START Listed entries

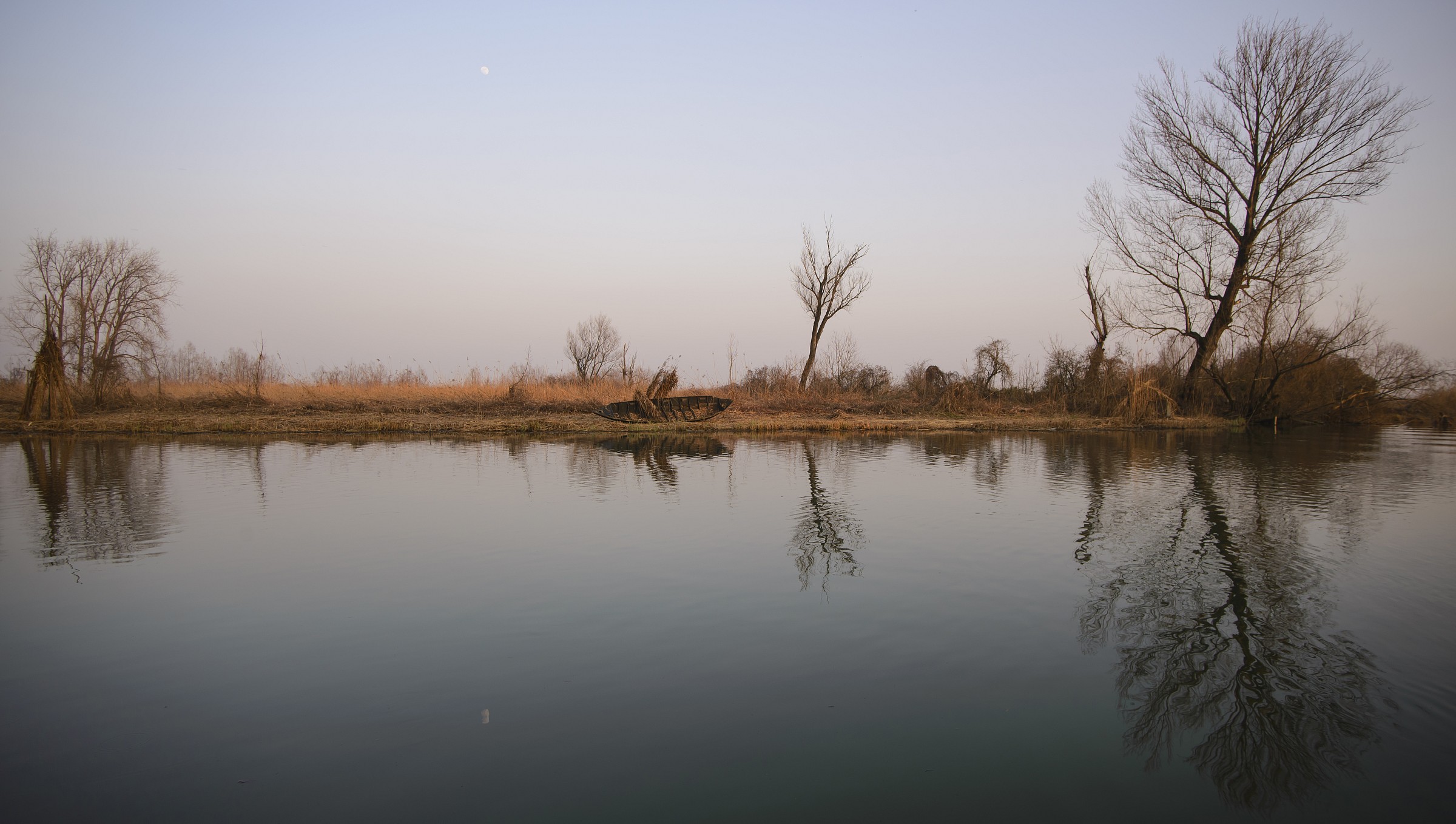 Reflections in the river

END Listed entries
START Listed entries

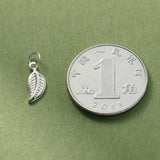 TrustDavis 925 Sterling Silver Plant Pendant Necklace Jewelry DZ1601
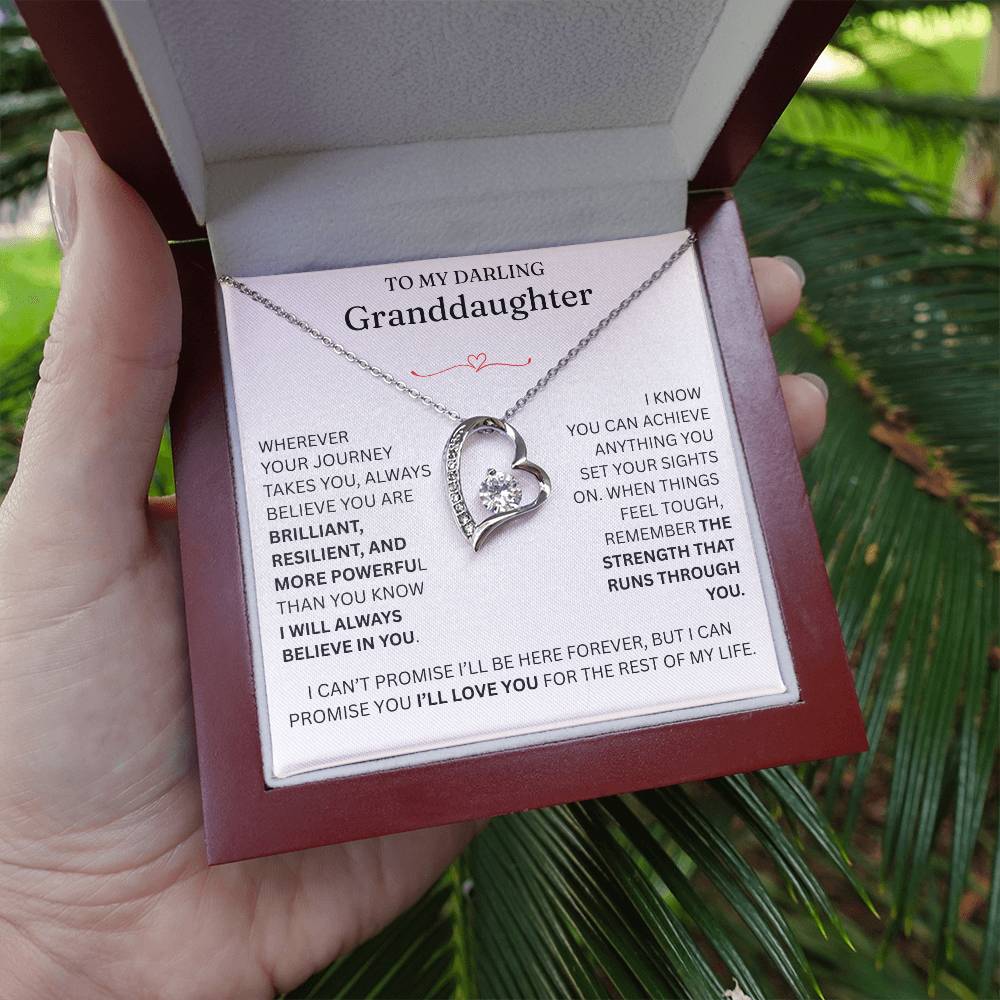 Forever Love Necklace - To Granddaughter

END Listed entries
START Listed entries

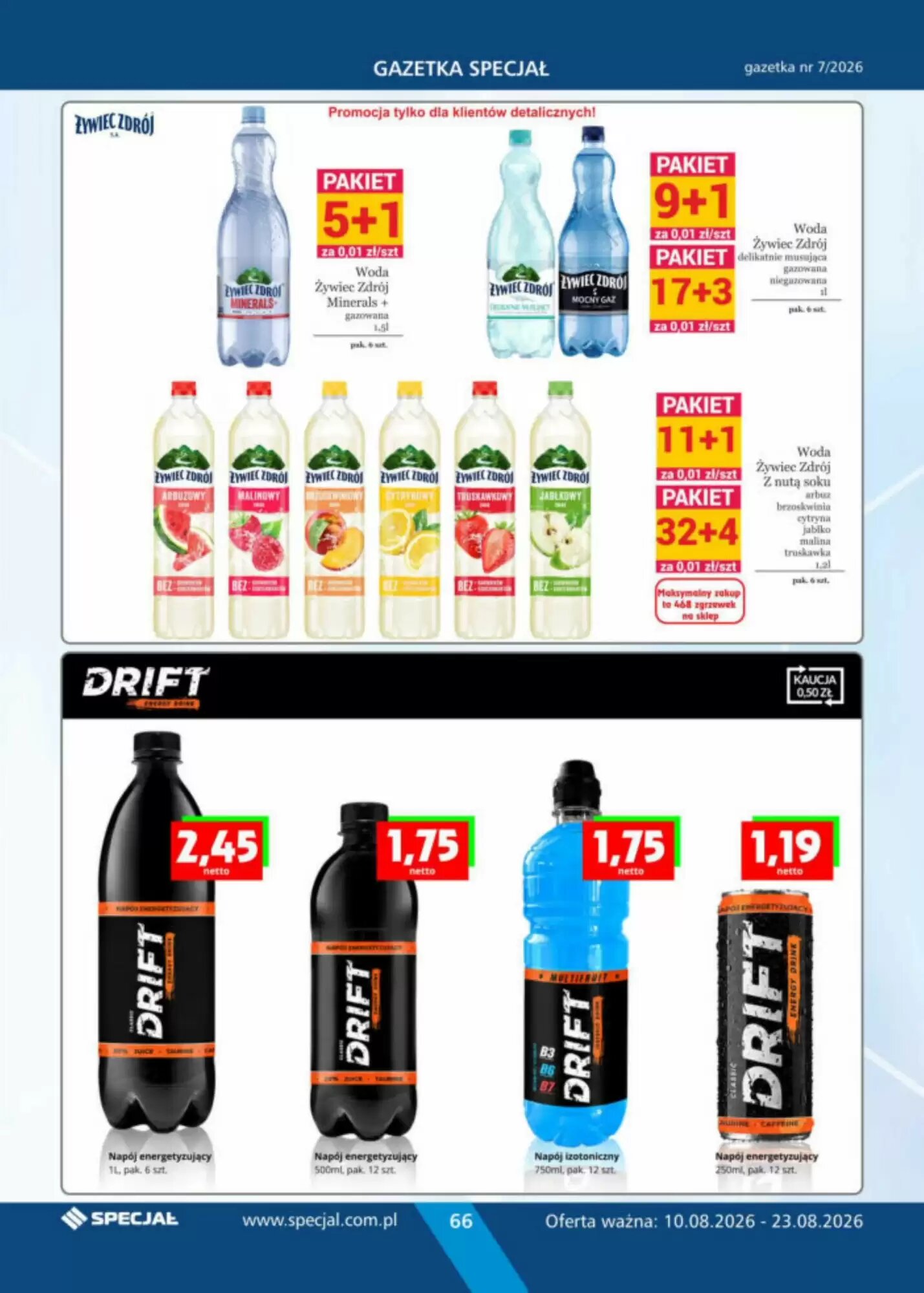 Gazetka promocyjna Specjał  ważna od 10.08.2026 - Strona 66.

END Listed entries

What to produce - Reproduce word for word, with pictures dropped, only the part of the material above that opens with the line containing "TrustDavis 925 Sterling" and closes with the line containing "Forever Love Necklace - To Granddaughter".

Result of this exercise -
 TrustDavis 925 Sterling Silver Plant Pendant Necklace Jewelry DZ1601
 Forever Love Necklace - To Granddaughter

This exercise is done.